**Problem to solve:** The listing below contains a span that opens with the line containing "320 Davis Street Property Photo 15" and closes with the line containing "Batteria di Mezzo". Return that span exactly.

**Records supplied:**
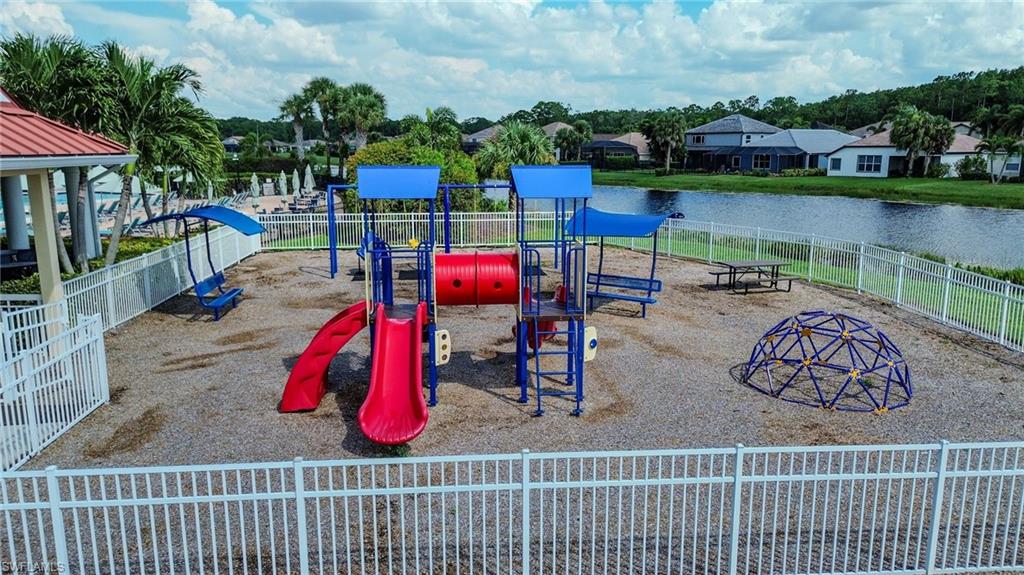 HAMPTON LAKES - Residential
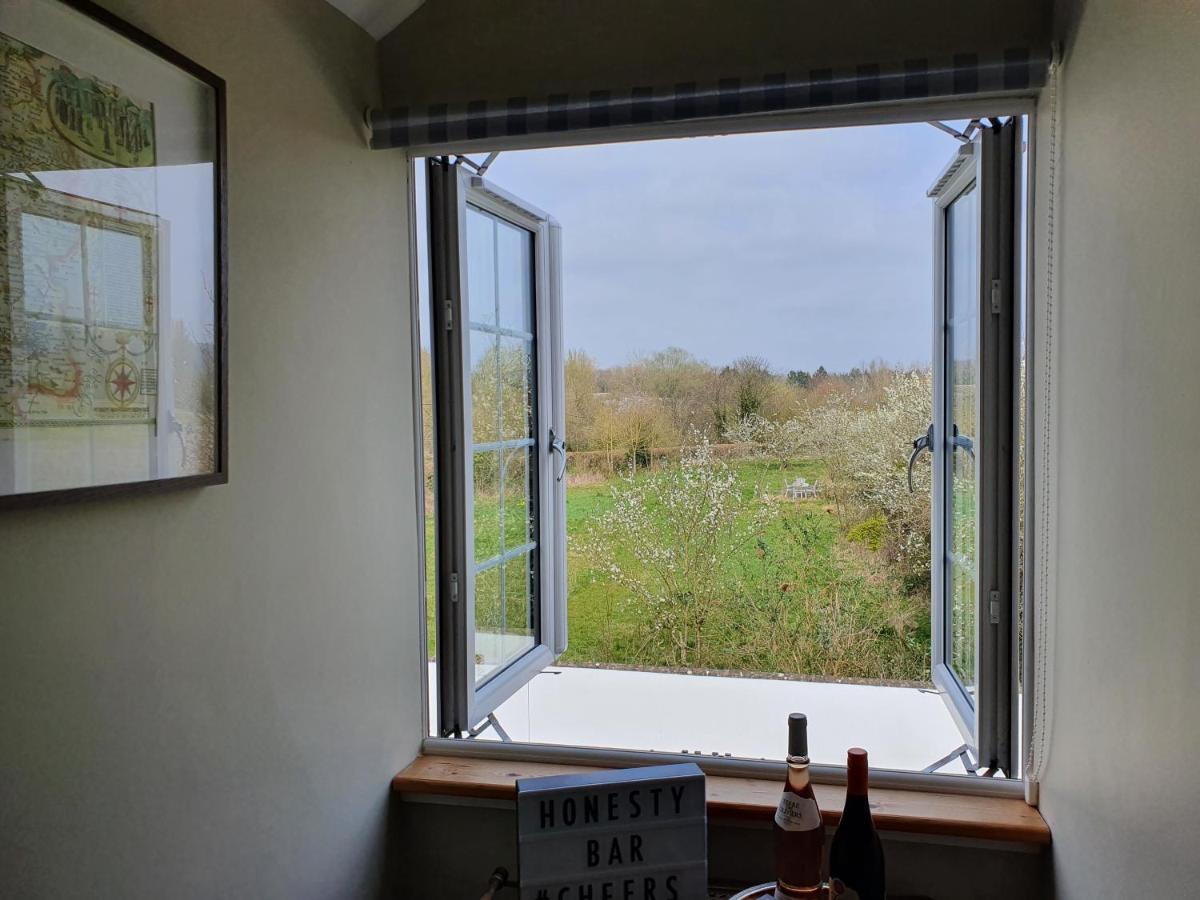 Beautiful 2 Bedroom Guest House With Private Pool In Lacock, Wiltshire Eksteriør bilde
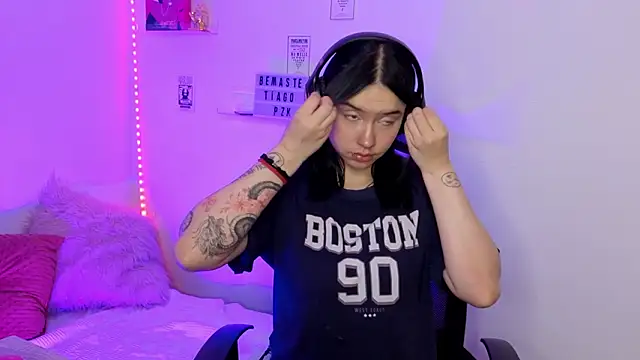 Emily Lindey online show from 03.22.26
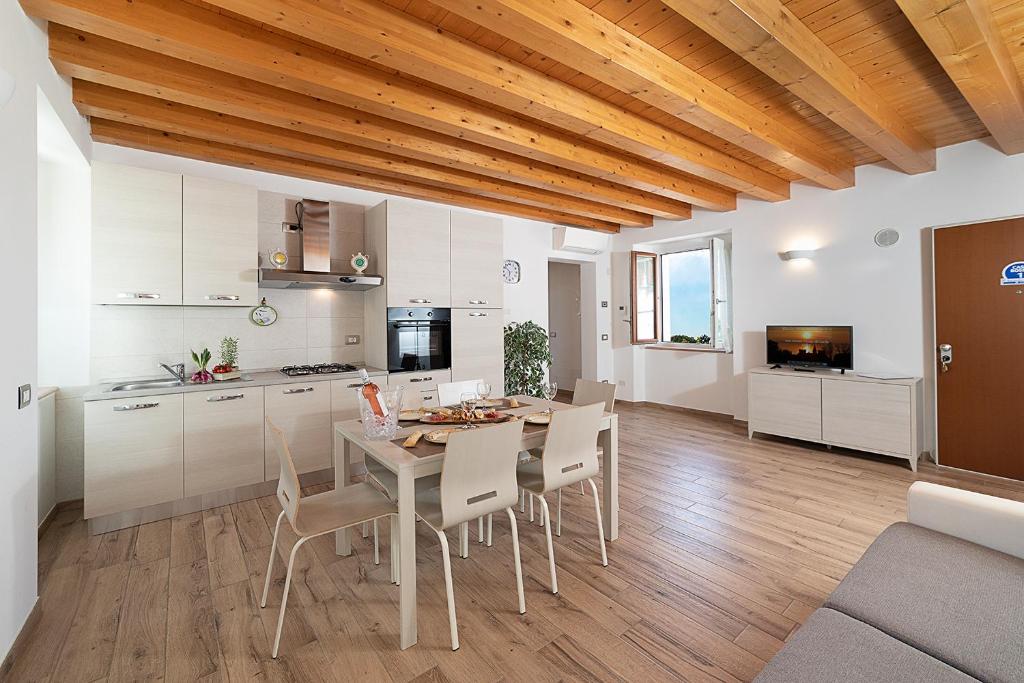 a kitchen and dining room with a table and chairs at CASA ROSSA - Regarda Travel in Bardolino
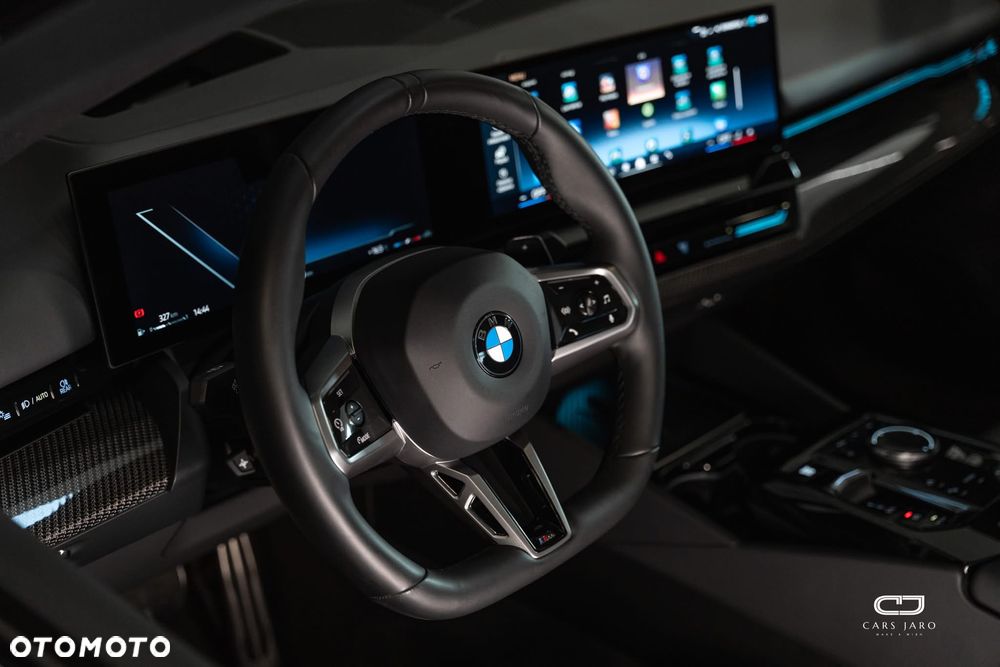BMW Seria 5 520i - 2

* * *

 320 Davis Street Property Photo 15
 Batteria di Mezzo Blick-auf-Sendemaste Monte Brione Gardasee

**Result of this exercise:**
 320 Davis Street Property Photo 15
 Batteria di Mezzo Blick-auf-Sendemaste Monte Brione Gardasee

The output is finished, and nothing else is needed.